Je me suis mis à regarder toutes les émissions de cuisiniers. « Masterchef », « Top chef », « Les Escapades de Petitrenaud » : je suis un ex-clubbeur reconverti dans la cuisine light. Et puis ce qui devait arriver arriva : je me suis inscrit à un club de gym. Même dans mes pires cauchemars, jamais je n’avais anticipé pareil désastre : moi sur un vélo elliptique, moi secoué par un power plate, moi allongé sur les coudes en position de gainage, moi adossé au mur imitant une chaise, moi tirant sur des élastiques, moi soulevant des poids pour remplacer mes seins par des pectoraux.
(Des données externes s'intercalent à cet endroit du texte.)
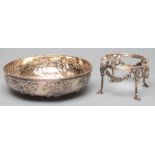 A LATE VICTORIAN SILVER CENTRE DISH AND STAND, maker's mark HA, stand 1901, dish 1902, the shallow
Durant des siècles, l’homme a combattu dans des guerres héroïques ; au XXIe siècle, la lutte contre la mort prend une autre forme, celle d’un type en short qui fait de la corde à sauter.

J’ai peur parce que Romy et Lou ne méritent pas d’être orphelines. Je cherche à repousser ma fin. La vie se termine et je ne l’accepte pas. La mort ne cadre pas dans mon rétroplanning. Ce matin, j’ai marché pieds nus sur des fraises que mon bébé avait jetées sur le parquet.

Ce bonheur, conquis de haute lutte,

S’achèvera-t-il dans les cinq prochaines minutes ?

Je deviens sourd : je fais répéter les phrases des gens. Mais peut-être n’ai-je aucun problème d’ouïe, peut-être tout simplement que les autres ne m’intéressent pas. J’ai l’âge où l’on commence à boire du Coca Zéro parce que son ventre pousse et qu’on a peur de ne plus voir sa bite. Chaque soir, je compte dans mon bain mes cheveux perdus qui flottent sur l’eau. S’il y en a plus de dix, je déprime. Avec une pince à épiler, je traque aussi les poils blancs qui poussent dans mon nez et sur mes oreilles, et je rétrécis mes sourcils broussailleux dignes de François Fillon. Je surveille mes grains de beauté comme le lait sur le feu. Je m’habille en costumes « fit » d’Hedi Slimane en espérant que si la mort croise un barbu engoncé dans une veste cintrée, elle se dira qu’il y a erreur sur la personne. Les articulations de mes mains s’engourdissent, mon dos est courbaturé après quinze minutes d’exercice physique. À cinquante ans, on n’a plus le temps de flâner. Le temps est minuté. Ma montre connectée affiche en permanence mes pulsations cardiaques par minute ainsi que le nombre de calories que je brûle en marchant. Mon tee-shirt Hexoskin transmet mon taux de transpiration par Bluetooth vers mon iPhone 7. Cela me rassure de connaître ces statistiques vaines. À tout instant, je peux vous énoncer le nombre de pas que j’ai réalisés depuis le matin. L’Organisation mondiale de la santé recommande de faire 10 000 pas par jour ; j’en suis à 6 136 et je suis déjà vanné.